Feet are not designed to move 100 mph, so the feet would get shredded if bare-footed.
Player will argue they're wearing foot covering (leather boots, sandals, etc). Foot wear is not designed to hold up to running 100mph. And, that speed would generate a lot of friction (both inside the foot wear to the feet, and possibly on other areas of the body as the clothing or leather parts on their body would rub and cause friction burns quite quickly from all the pumping of arms and legs.)
One way to alleviate this would be to assume that the ki-spent Step of the Wind ability literally makes them light as air, so instead of running super fast, they're simply able to fly forward greater distances since their leg muscles are now pushing something light as air instead of normal body weight. (Think of Crouching Tiger Hidden Dragon, where they're using their ki to "fly" through the air and run great distances.) If that's the case, then it could alleviate any idea of friction burns and damage to the body from great speeds. But, if that was the case, I would say they have to pick a direction and stick with it during the turn, because something moving at that great of a speed can't change direction at the drop of a hat - especially if Step of the Wind is having them soar into the air and glide quickly. You can't simply turn in mid-air.

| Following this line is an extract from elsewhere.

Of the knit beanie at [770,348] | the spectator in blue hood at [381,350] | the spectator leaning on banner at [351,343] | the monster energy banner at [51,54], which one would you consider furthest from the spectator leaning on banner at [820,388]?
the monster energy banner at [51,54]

So, if you want to allow them to have great speed like that, then the consequence is lack of maneuverability; they pick a direction, head that direction, and can't change it until several rounds later or something.
We're basically having to argue the laws of physics in a fantasy setting. It would be like debating whether the fly spell magically gives people oxygen bubbles over their faces in order to fly high altitudes (to which, if it's argued it did, then magic users would be abusing that to fend off gas traps and stuff).

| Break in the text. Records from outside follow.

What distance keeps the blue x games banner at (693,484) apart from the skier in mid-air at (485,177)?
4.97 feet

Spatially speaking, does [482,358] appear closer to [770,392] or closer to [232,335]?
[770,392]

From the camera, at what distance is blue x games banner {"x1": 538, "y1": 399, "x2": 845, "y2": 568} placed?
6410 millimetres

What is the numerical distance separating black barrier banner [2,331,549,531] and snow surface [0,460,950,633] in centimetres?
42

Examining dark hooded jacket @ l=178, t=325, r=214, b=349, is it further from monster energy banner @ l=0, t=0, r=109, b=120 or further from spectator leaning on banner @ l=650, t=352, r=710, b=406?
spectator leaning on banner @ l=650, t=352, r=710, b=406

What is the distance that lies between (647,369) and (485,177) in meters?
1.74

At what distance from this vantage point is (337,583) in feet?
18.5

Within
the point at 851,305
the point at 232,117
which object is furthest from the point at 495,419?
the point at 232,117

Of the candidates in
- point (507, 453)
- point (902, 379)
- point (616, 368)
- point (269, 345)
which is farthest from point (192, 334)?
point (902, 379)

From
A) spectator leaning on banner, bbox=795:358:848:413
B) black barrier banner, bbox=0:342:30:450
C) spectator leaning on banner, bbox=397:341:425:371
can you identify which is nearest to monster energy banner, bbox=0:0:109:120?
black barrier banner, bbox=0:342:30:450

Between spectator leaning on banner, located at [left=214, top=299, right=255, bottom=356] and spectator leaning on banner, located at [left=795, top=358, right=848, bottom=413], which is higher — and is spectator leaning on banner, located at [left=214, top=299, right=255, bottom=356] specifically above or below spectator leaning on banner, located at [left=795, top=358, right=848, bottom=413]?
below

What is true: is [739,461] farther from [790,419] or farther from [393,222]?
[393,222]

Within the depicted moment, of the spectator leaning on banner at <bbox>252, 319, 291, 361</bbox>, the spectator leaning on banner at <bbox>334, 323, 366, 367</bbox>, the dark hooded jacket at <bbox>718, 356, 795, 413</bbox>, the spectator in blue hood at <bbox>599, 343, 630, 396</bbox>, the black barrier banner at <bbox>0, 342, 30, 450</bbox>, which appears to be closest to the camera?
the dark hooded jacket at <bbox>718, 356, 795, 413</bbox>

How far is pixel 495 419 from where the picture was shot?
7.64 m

The way I view this situation is that the players is sounding like a munchkin and min/maxer, focusing on the "can I?" instead of the "should I?"
If they want to do it, and the rules add up to allow it, you have to think of the repercussions of it; there has to be balance in the game. Either the character starts taking some kind of damage from pushing the human body far beyond normal limits, or they suffer severe movement restrictions once they get going.

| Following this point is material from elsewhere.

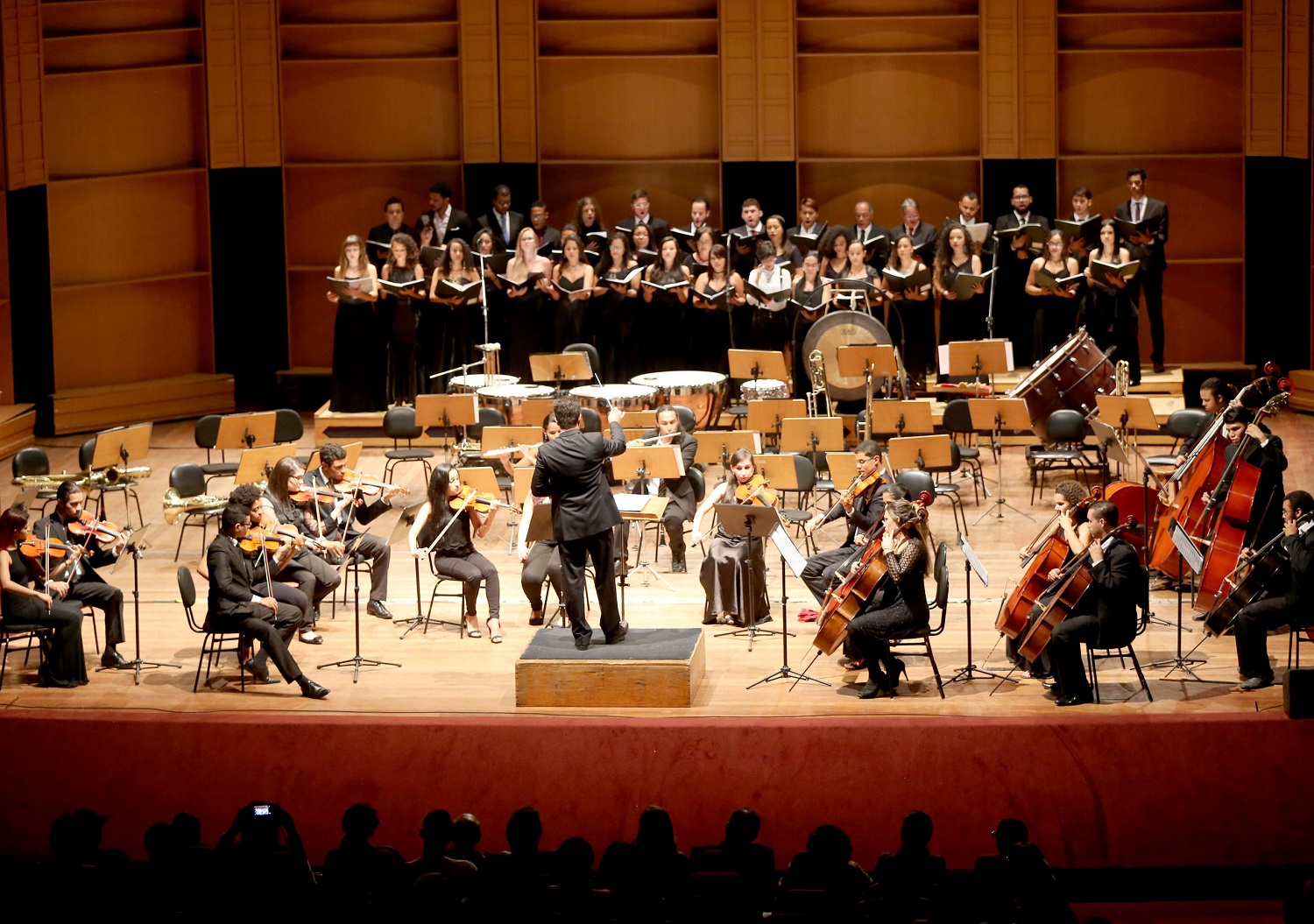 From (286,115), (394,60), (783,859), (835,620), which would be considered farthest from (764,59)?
(783,859)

In regards to the T-Rex: I wonder if the player is thinking their monk has Iron Fist or something, and could use it to punch the T-Rex (like they're running at 10 0mph and just jut an Iron Fist out to hit the T-Rex). Of course, my idea of Iron Fist is from old-school 2nd Edition Oriental Adventures AD&D monks, so maybe your player's monk doesn't have Iron Fist or something.
There's just a lot going on with what you're player is trying to do, and as a GM I would consider it ok or not ok based on context and situation.
The player wants to run 100 mph to go warn some people that enemies are coming: ok, fine, I'd let it fly.
The player wants to run 100 mph to punch a T-Rex to death: no, not fine; you get mushed to goo.
The problem with letting something like this be ok one time is the player gets it in their head that it's ok for anything they can dream up, so they'll start dreaming up abusive ways to use it (e.g. punching a T-Rex). So, it's often better to just either nip it in the bud right now, or come up with some rules to let them know there's a pro/con situation to using it (like damage or movement restrictions).